VYNPS License Renewal Project Aging Management Review of Nonsafety-related Systems and Components Affecting Safety-related Systems AMRM-30 Revision 1 Page 127 of 134 Attachment 4 - Review of Nonsafety-Related SSCs Connected to Safety-Related SSCs Introduction - Review for Structural Interaction Nonsafety-related SSCs directly connected to safety-related SSCs (typically piping) are subject to aging management review for 10 CFR 54.4(a)(2). (In this case, the scope of license renewal includes the nonsafety-related piping and supports up to and including the "first seismic or equivalent anchor" beyond the safety/nonsafety interface such that the safety-related portion of the piping will be able to perform its intended function.
Some components in this group are considered safety-class at VYNPS.) For piping in this structural boundary, pressure integrity is not required; however, piping within the safety class pressure boundary depends on the structural boundary piping and supports in order for the system to fulfill its safety function. For VYNPS, the "structural boundary" is defined as the portion of a piping system outside the safety class pressure boundary, yet relied upon to provide structural support for the pressure boundary. The structural boundary is often shown on piping isometric drawings and is considered synonymous with the first seismic or equivalent anchor. (Ref. 47) Approach VYNPS mechanical system safety-related to nonsafety-related interfaces were reviewed from the safety-related/nonsafety-related interface to the first "seismic or equivalent anchor" or structural boundary.
Each of the LRA drawings, along with other flow diagrams, was reviewed to identify safety/nonsafety interfaces. Nonsafety-related piping systems connected to safety-related systems were traced back to the structural boundary or to a point that includes an adequate portion of the nonsafety-related piping run to conservatively include the first seismic or equivalent anchor. An equivalent anchor is a combination of hardware or structures that together are equivalent to a seismic anchor. A seismic anchor is defined as hardware or structures that, as required by the analysis, physically restrain forces and moments in three orthogonal directions. The physical arrangement as analyzed insures that the stresses that are developed in the safety-related piping and supports are within the applicable piping and structural code acceptance limits. If isometric drawings were not readily available to identify the structural boundary, connected lines were traced back to a point beyond the safety/nonsafety interface such as a base-mounted component, flexible connection, or the end of a piping run (such as a drain line). This is consistent with the guidance in NEI 95-10, Appendix F.

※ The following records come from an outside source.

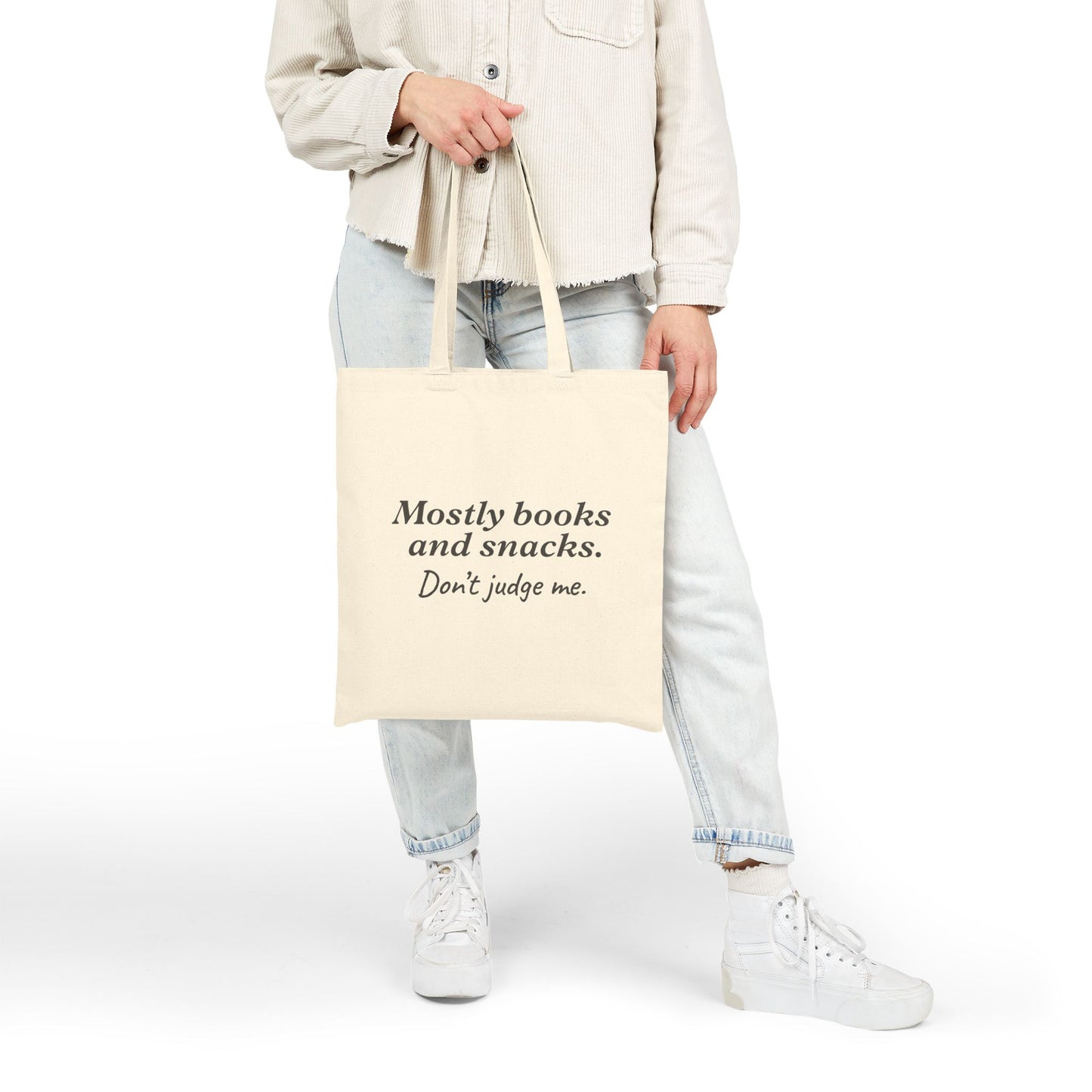 Mostly books and snacks. Dont judge me. | Tote Bag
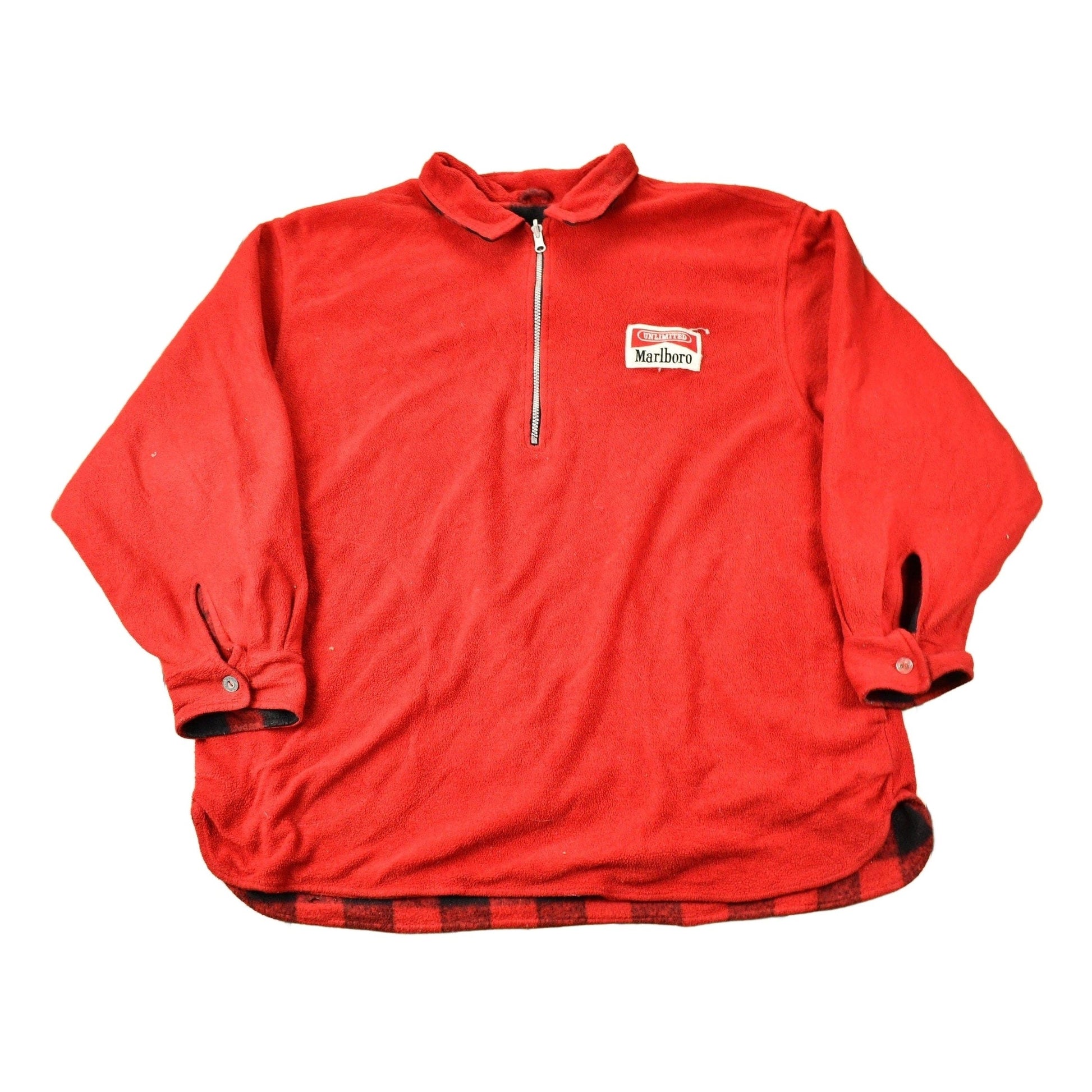 Vintage 1980s Marlboro Cigarettes Reversible Quarter Zip Fleece Sweater Men's 2XL from propervintagecanada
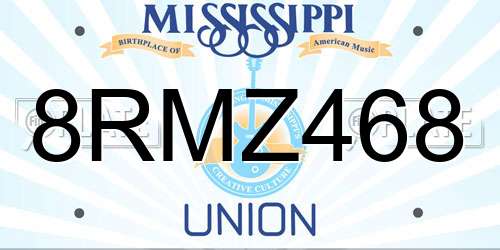 8RMZ468 Mississippi License Plate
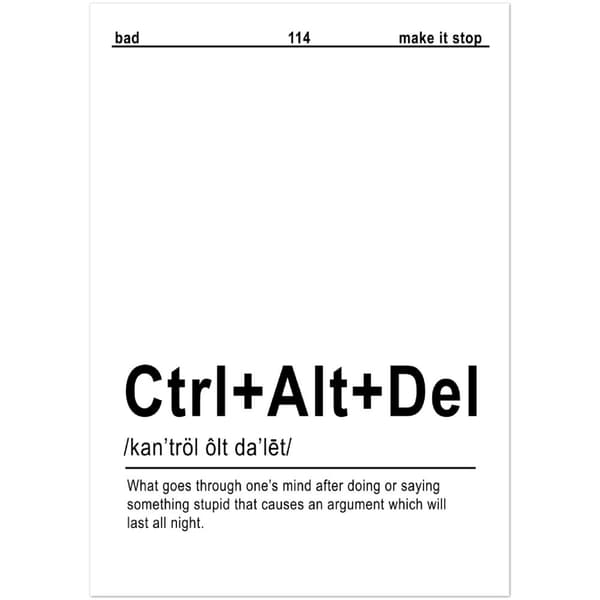 Ctrl+Alt+Del Poster - A2 (42 x 59.4 cm)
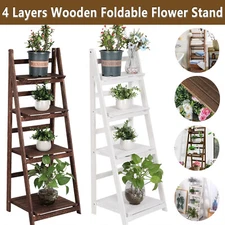 Ladder Shelf 4-Tier Foldable Wood Bookshelf Floor Rack Plant Stand Display Shelf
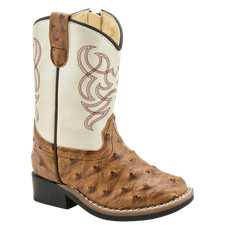 Old West by Jama Toddler Boy's Cream Ostrich Print Square Toe Western Boot VB10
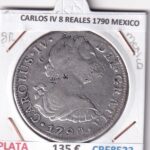CRE8523 MONEDA ESPAÑA CARLOS IV 8 REALES 1790 MEXICO BUSTO CARLOS III PLATA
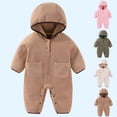thumbnail image 1 of BXSRUTA Baby Hooded Jumpsuit, Thick and Warm Long Sleeve Crawling Suit for Newborn to Toddler, Soft Breathable Polyester Spandex, Perfect for Daily Wear and Holiday, 1 of 8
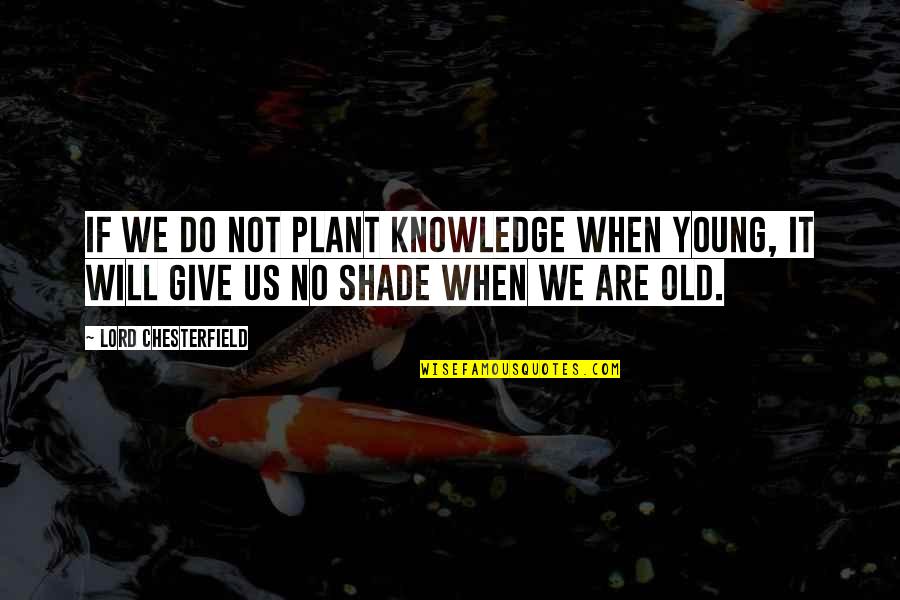 Lord Give Quotes By Lord Chesterfield: If we do not plant knowledge when young,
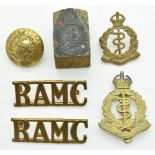 British Army four Royal Army Medical Corps metal badges including a pair of shoulder titles,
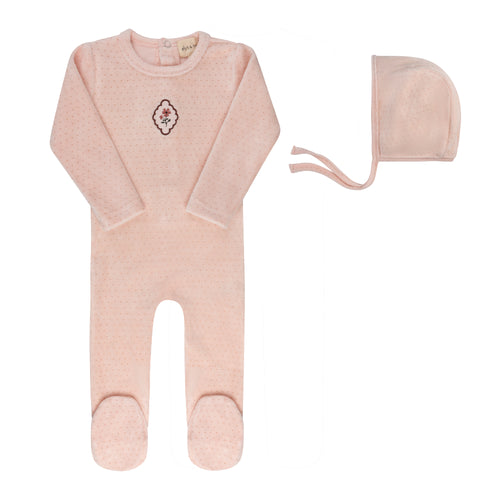 Ely's & Co Embroidered Floral Dot Collection Footie And Bonnet - Pink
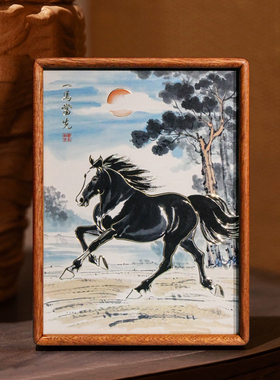 铜艺世家一马当先铜雕画桌面摆件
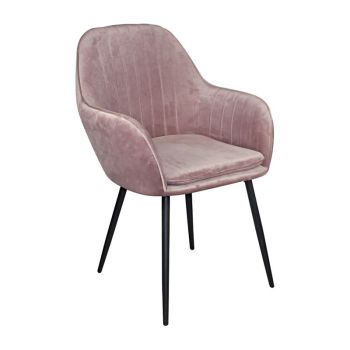 Кресло Валери ΕΜ711.1 кадифе розов цвят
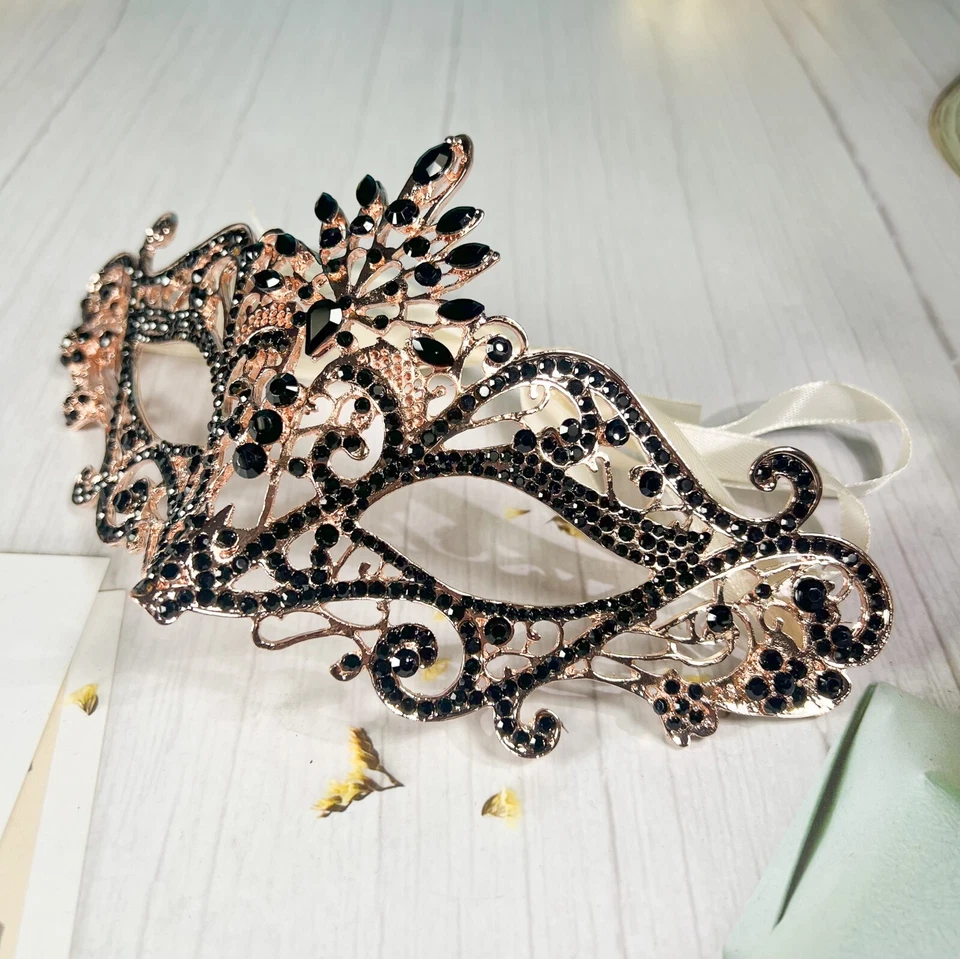 Masquerade Mask Luxury Black Crystal, Rhinestone Gold Mask, Black Diamond Mask - Image 2 of 3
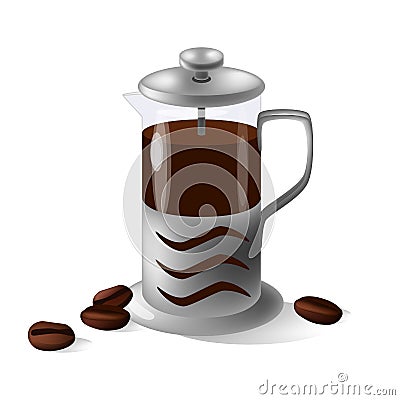 Vector french press on the white background and coffee beans Vector Illustration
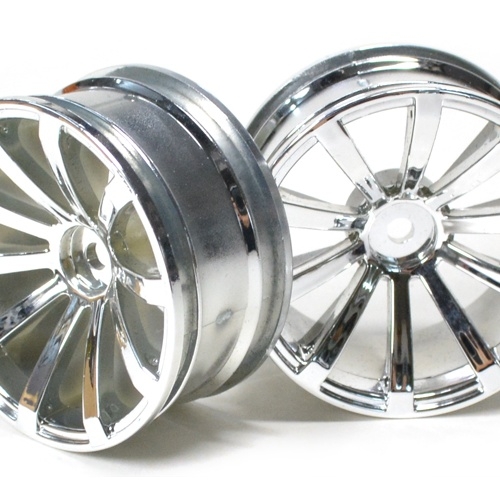 Boom Racing Miscellaneous All 10-Spoke Wheel Set (2Pcs) Chrome/silver For 1/10 RC Car 26mm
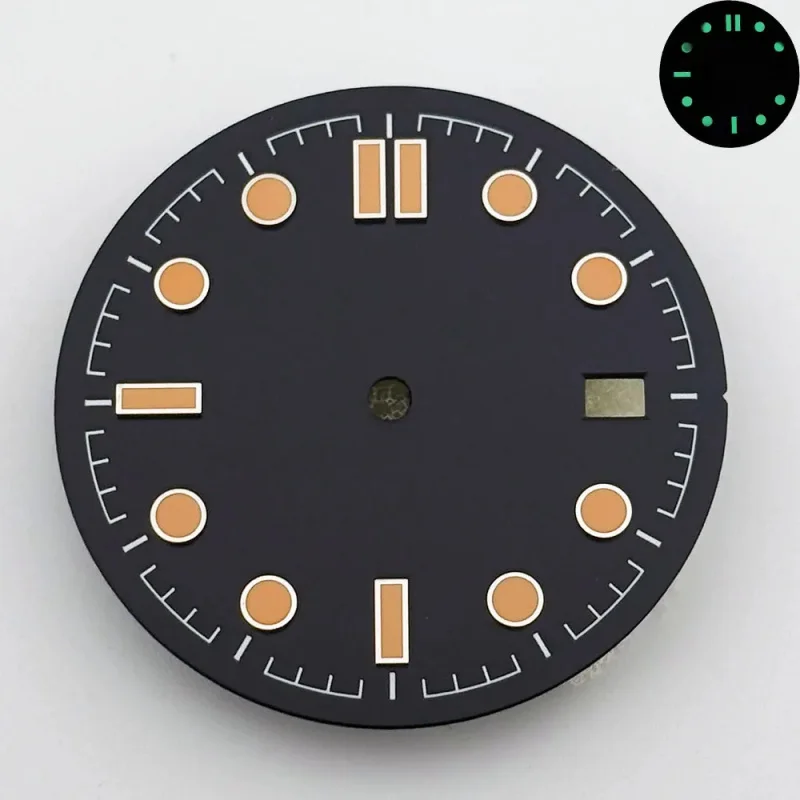 Seamaster Diver 300M 31MM Vintage-Uhrenzifferblatt in Schwarz mit Zeigern, C3lumiouns, geeignet für NH34 NH35 NH36 Automatikwerk-Modifikation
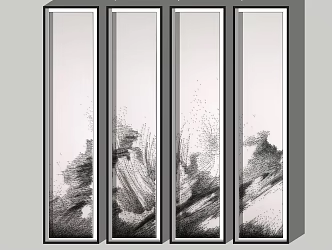 New Chinese abstract painting decorative hanging painting 3d model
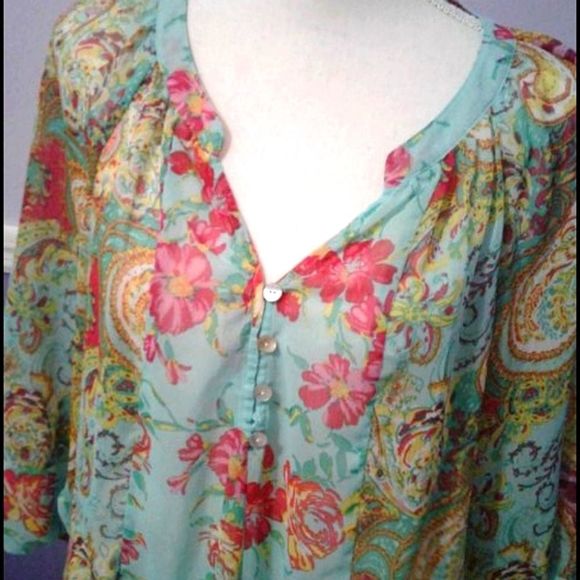 Anthropology Fig and Flower Aqua Mixed Floral Sheer Boho Top - Picture 2 of 7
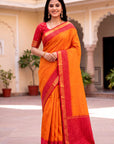 Orange Soft Ikkat Pochampally Patola Silk Zari Woven Saree
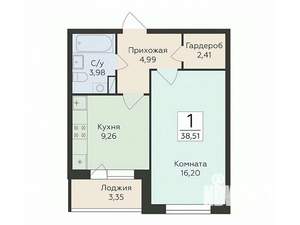 1-к квартира, вторичка, 39м2, 7/18 этаж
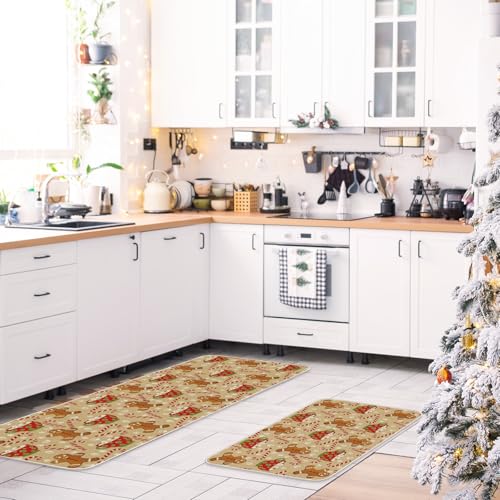 Brown 2-Piece Christmas Kitchen Floor Mats - Gingerbread & Candy Cane, Non-Slip Doormats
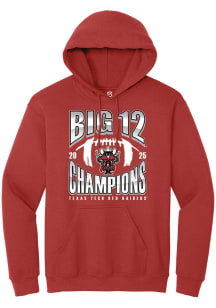 Summit Sportswear Texas Tech Red Raiders Mens Red 2025 Big 12 Football Champions NUMBER ONE FOOTBA..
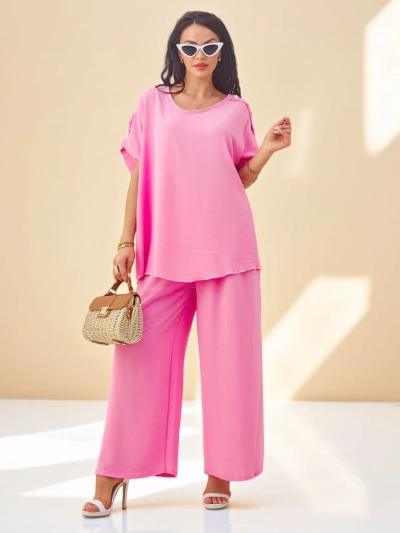 Royalfashion Women's cotton set with short sleeves and wide trousers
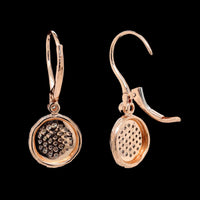 14K Rose Gold Estate Pave Diamond Drop Earrings
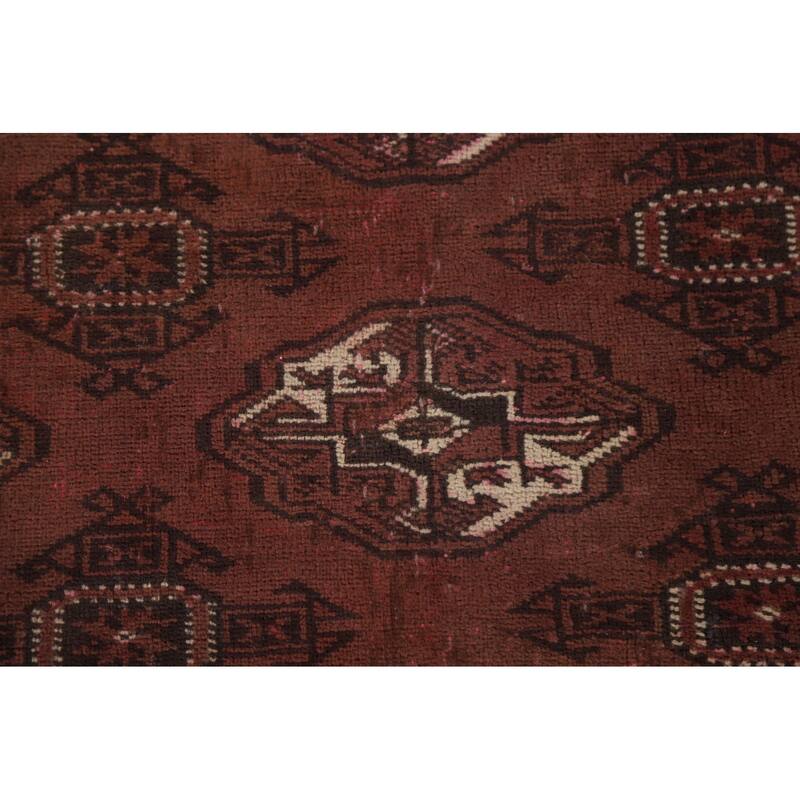 Hand Knotted Oriental 100% Wool Carpet Traditional All-Over Red Bokhara Area Rug - 12' 3'' X 8' 0''
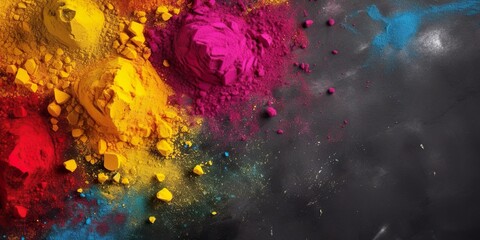 minimalistic design Happy Holi decoration, the indian festival.Top view of colorful holi powder on dark background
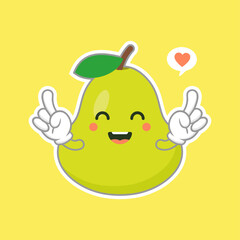cute and happy cartoon style green pear characters for healthy food, vegan and cooking design. kawaii pear fruit with funny expression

All components required or conservatively considered to provide structural support for safety-related portions of systems are included in Attachment 2. (Ref. 49, 50, 51, 52, 53, 54, 55, 59)
VYNPS License Renewal Project Aging Management Review of Nonsafety-related Systems and Components Affecting Safety-related Systems AMRM-30 Revision 1 Page 128 of 134 Attachment 4 - Review of Nonsafety-Related SSCs Connected to Safety-Related SSCs Special Note for Two Cases The following nonsafety-related systems highlighted on LRA drawings do not have a structural nonsafety/safety interface at the license renewal boundary flags since the system is nonsafety-related: 1. Main Condenser and MSIV Leakage Pathway, AMRM-26 (LRA-33600-A00217, LRA-G-191156, and LRA-G-191164) 2. Fire Protection, AMRM-17 and AMRM-18 (LRA-G-191163 sh.1, LRA-G-19163 sh.2, LRA-G-191163 sh.3, and LRA-G-191163 sh.4) Although the fire protection system (FP) has no nonsafety/safety interface at the license renewal boundary flags, some mechanical FP components do provide structural support for the safety-related service water (SW) system. The mechanical components that provide structural support for the SW system are reviewed in AMRM-17. (Ref. 39) Summary of Results for Structural Interaction The following systems (system codes as identified in EMPAC) include components that were found to be within the structural boundary or up to and including the first equivalent anchor. All components required or conservatively considered to provide structural support for safety-related portions of systems are included in Attachment 2.
- C (Condensate)
- CAD (Containment Air Dilution)
- CD (Condensate Demineralizer)
- CRD (Control Rod Drive)
- CS (Core Spray)
- CST (Condensate Storage and Transfer)
- DG (Diesel Generator & Auxiliaries)
- DLO (Diesel Lube Oil)
- DW (Demineralized Water)
- FO (Fuel Oil)
- FP (Fire Protection)
- FPC (Fuel Pool Cooling)
- HB (House Heating Boiler)
- HVAC (Heating Ventilation and Air Conditioning)
- IA (Instrument Air)
- N2 (Nitrogen Supply)
- NB (Nuclear Boiler)
VYNPS License Renewal Project Aging Management Review of Nonsafety-related Systems and Components Affecting Safety-related Systems AMRM-30 Revision 1 Page 129 of 134 Attachment 4 - Review of Nonsafety-Related SSCs Connected to Safety-Related SSCs
- NM (Neutron Monitoring)
- PASS (Post Accident Sampling)
- PCAC (Primary Containment Atmosphere Control)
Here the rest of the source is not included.